Available data:
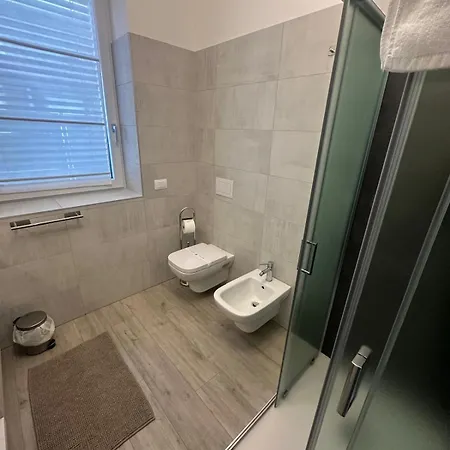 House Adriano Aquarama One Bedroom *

==

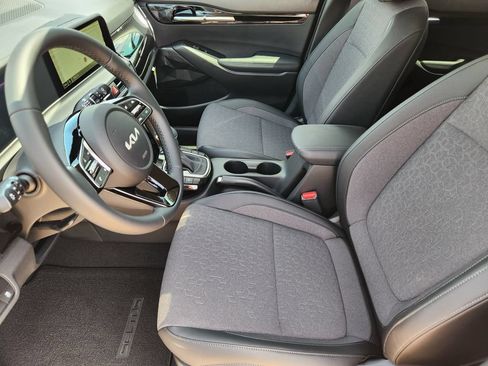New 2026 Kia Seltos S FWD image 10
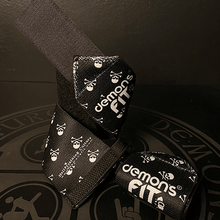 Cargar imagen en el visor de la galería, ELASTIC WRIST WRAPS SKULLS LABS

What you need to do: Which part of the entries opens with the line containing "New 2026 Kia Seltos S FWD image 10" and closes with the line containing "Cargar imagen en"? Output that part exactly, ends included, pictures excluded.

Response to the exercise:
New 2026 Kia Seltos S FWD image 10
 Cargar imagen en el visor de la galería, ELASTIC WRIST WRAPS SKULLS LABS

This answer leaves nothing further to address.